[Start of Attachment]

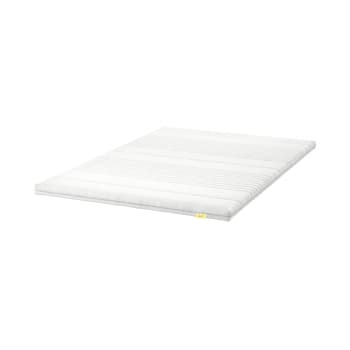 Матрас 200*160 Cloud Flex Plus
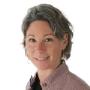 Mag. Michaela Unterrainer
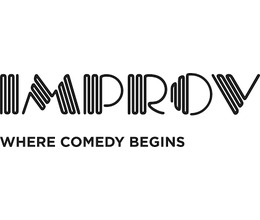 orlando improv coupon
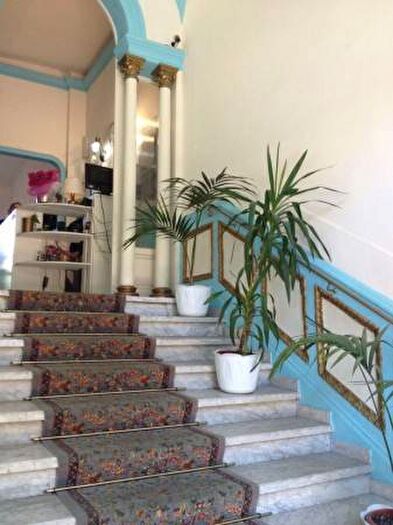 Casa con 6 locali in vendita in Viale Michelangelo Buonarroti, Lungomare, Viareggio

[End of Attachment]
[Start of Attachment]

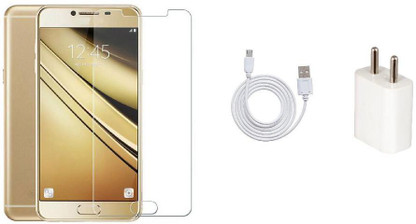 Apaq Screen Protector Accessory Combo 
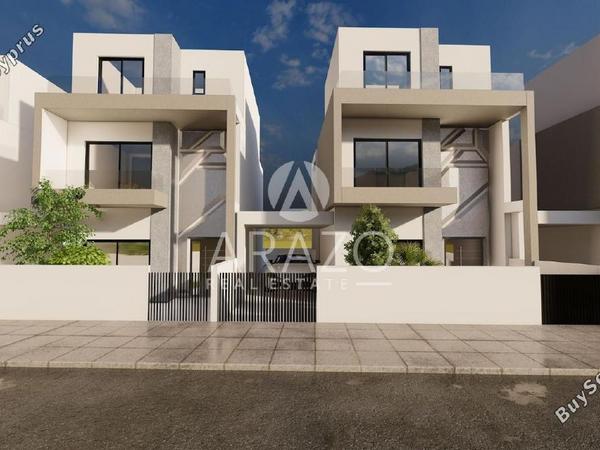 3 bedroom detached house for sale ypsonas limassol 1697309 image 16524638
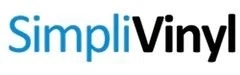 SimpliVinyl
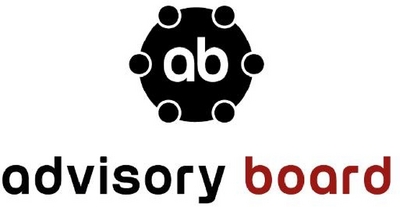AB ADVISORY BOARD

[End of Attachment]
[Start of Attachment]

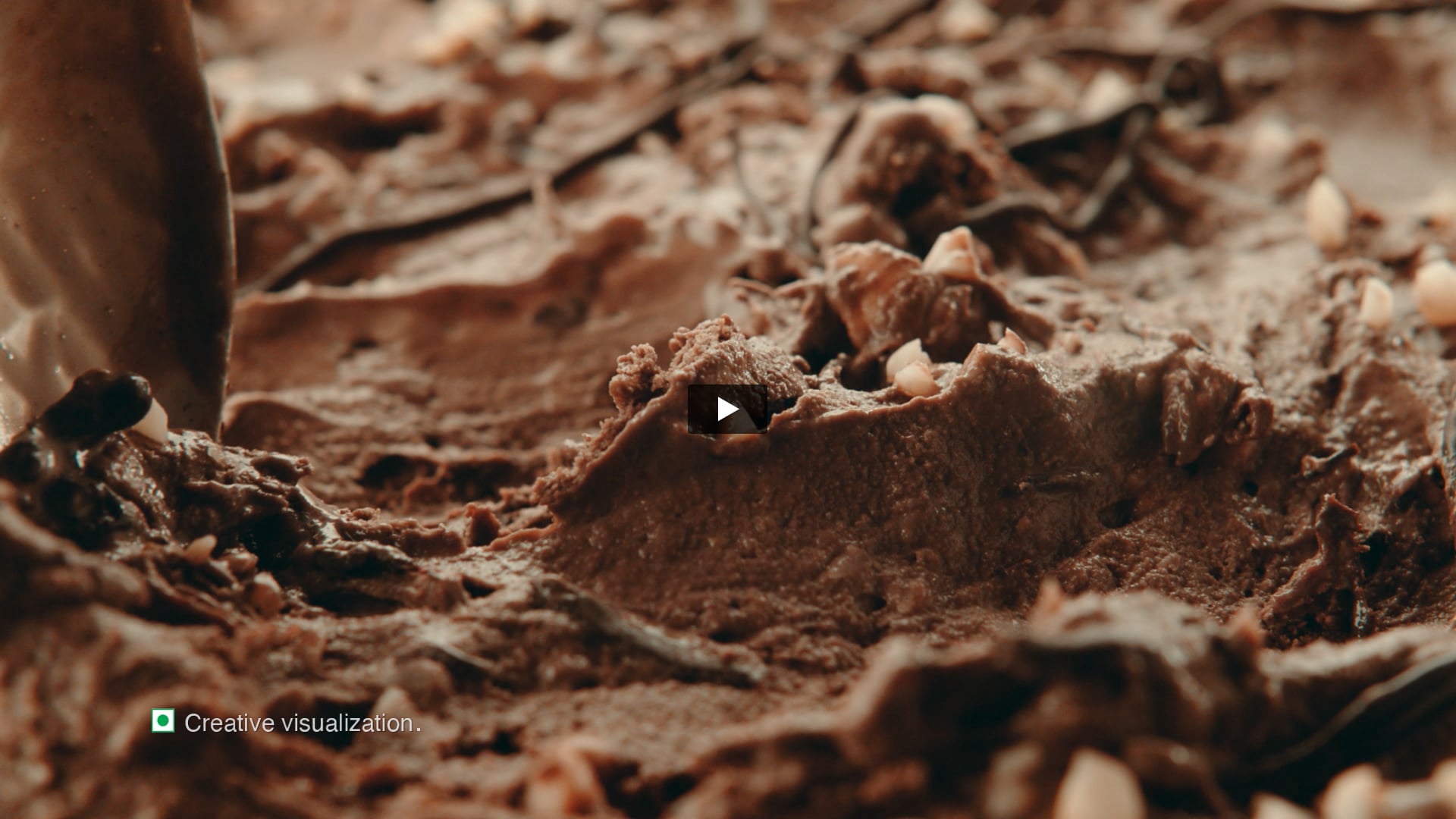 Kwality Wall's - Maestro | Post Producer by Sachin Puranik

[End of Attachment]

**INSTRUCTIONS TO FOLLOW:** Above this task is a listing with pictures in it. Retype only the lines from the one containing "Матрас 200*160 Cloud Flex Plus" through the one containing "Casa con 6 locali", both included, and not the pictures.

**THE ANSWER:**
 Матрас 200*160 Cloud Flex Plus
 Mag. Michaela Unterrainer
 orlando improv coupon
 Casa con 6 locali in vendita in Viale Michelangelo Buonarroti, Lungomare, Viareggio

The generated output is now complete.